Wednesday, January 25, 2012

Reflections on Jury Duty

A News Tribune columnist talks about being called for jury duty. Kathleen Merryman, Jury duty a burden to some, a thrill and an honor to others, News Tribune, Jan. 25, 2012.

I was thrilled at the chance to be part of one of the fairest judicial systems on the planet. It has its flaws, and some of them run deep. But it demands that the accused see the faces of the peers who will decide the verdict. It requires that those peers be accountable to each other, and to themselves. It’s a mental stretch for participants, and discussions that stretch us beyond preconceptions are good for the health of democracy. We get to experience all that, even if we don’t serve on a jury.

Thursday, January 19, 2012

Voir Dire Tool: iPad App or Post-It Notes?

Law Technology News reviews iJury, another iPad app for managing voir dire (see earlier post). The review is fairly positive – but the author finds that the Post-It Notes on which a lawyer can scribble quick notes remain good competition. Ted Brooks, Will an iPad Replace Post-it for Voir Dire?, Law Technology News (, Jan. 19, 2012.

Frustrations in Family Court

This week's cover story in the Seattle Weekly is Ripped Apart: Divorced dads, domestic violence, and the systemic bias against men in King County family court (Jan. 18, 2012). Nina Shapiro reports on courts that are so busy that each side in a divorce often has just minutes to present evidence and arguments. (Very few cases go to trial, so the hearings before commissioners are critical.) She profiles three men whose divorces were complicated by allegations of domestic violence and painful custody disputes. Several attorneys quoted say that the system is biased against men. 

It would be interesting to hear more voices related to this story – divorced and divorcing women, more men than the three profiled, commissioners, judges. Would the conclusions be any different?

Tuesday, January 17, 2012

Updates to Pattern Instructions

Today the Washington Courts announced:

several criminal pattern jury instructions were recently updated. Changes have been made to WPIC 1.01, 4.61, and 4.69 in order to spell out in greater detail the prohibitions against jurors discussing the case with others, including with regard to their electronic communications. Changes also have been made to several concluding instructions, incorporating State v. Bashaw’s holding that unanimity is not required for jurors to answer “no” on a special verdict form; see WPIC 30.03, 50.60, 50.60.01, 160.00, and 300.51.  
These updates have been incorporated into all formats, including the printed pocket parts, Westlaw, and the free public website.
You can sign up for email alerts about court rule changes and pattern instruction changes here.
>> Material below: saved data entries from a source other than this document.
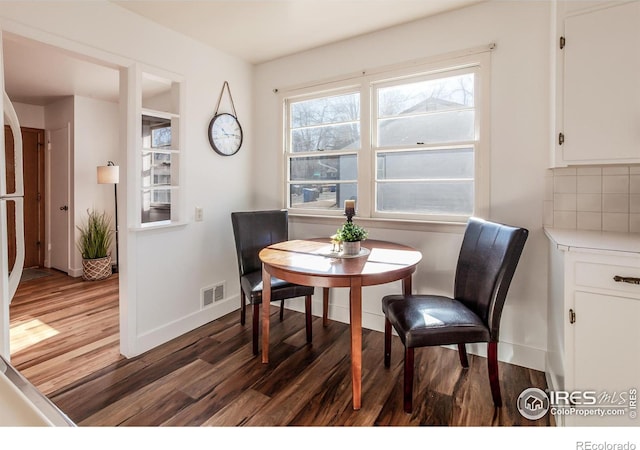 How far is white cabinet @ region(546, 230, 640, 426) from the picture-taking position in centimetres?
142

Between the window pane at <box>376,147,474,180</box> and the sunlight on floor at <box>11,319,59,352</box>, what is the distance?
2973mm

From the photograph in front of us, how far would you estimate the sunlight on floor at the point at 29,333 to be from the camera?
2.57 metres

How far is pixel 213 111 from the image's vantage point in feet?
9.72

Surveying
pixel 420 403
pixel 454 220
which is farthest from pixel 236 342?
pixel 454 220

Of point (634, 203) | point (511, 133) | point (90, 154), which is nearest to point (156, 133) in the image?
point (90, 154)

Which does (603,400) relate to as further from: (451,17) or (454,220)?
(451,17)

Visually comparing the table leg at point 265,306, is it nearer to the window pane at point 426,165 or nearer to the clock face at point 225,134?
the window pane at point 426,165

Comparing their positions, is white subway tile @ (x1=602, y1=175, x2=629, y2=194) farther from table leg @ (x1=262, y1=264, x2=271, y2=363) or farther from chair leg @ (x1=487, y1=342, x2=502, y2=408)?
table leg @ (x1=262, y1=264, x2=271, y2=363)

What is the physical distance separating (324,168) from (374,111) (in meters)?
0.65

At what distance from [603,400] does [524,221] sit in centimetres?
108

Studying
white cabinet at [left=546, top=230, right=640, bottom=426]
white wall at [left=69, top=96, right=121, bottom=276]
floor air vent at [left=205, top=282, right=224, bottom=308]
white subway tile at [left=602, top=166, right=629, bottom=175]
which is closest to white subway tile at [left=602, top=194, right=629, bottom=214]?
white subway tile at [left=602, top=166, right=629, bottom=175]

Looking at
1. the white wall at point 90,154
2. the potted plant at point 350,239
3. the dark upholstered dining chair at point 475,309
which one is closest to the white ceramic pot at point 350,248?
the potted plant at point 350,239

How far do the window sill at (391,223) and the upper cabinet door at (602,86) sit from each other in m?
0.81
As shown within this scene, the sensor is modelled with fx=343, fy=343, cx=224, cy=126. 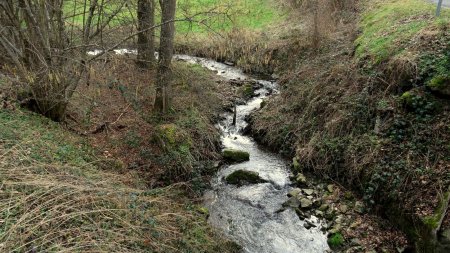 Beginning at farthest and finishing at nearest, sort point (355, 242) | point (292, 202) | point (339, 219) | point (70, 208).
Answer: point (292, 202), point (339, 219), point (355, 242), point (70, 208)

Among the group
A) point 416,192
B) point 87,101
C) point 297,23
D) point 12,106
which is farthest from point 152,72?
point 297,23

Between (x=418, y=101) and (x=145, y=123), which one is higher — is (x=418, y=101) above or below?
above

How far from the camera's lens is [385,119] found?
7.86 metres

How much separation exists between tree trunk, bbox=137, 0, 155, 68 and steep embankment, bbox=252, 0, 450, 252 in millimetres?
3871

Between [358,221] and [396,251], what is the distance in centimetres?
91

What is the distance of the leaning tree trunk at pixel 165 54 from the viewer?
855cm

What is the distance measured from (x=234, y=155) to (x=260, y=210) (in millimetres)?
2090

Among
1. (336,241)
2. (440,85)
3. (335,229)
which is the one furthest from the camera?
(440,85)

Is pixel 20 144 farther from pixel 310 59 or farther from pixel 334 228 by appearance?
pixel 310 59

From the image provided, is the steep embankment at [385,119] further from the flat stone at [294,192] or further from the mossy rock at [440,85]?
the flat stone at [294,192]

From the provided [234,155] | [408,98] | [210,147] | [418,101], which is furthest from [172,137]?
[418,101]

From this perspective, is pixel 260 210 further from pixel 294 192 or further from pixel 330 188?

State v. Bashaw, cited in the announcement, is here: 169 Wash.2d 133, 234 P.3d 195, Google Scholar (2010)

Tuesday, January 10, 2012

Hiding Tattoos?

In pretrial motions, lawyers argued over whether the jury should be allowed to see Michael Coombes's tattoos – one on his face with A-F (for Aryan Family) and one on his hip with a gun and a syringe; the gun was the same brand and caliber as the murder weapon. Murder suspect hopes makeup will hide criminal history from jury, KXLY (Spokane), Dec. 12, 2011.


One issue was whether revealing the tattoos would also reveal the fact that the defendant was serving time in prison for the murder when he got them. He was getting a new trial because he had successfully argued that his guilty plea should be invalidated because of a misunderstanding of how time off for good behavior would be calculated. In re Coombes, 159 Wash.App. 1044, 2011 WL 240687 (Wash.App. Div. 3 2011) (unreported). The jury did learn of the hip tattoo (but I'm not sure if they saw it). Closing arguments heard in Coombes murder trial, KLXY, Dec. 16, 2011.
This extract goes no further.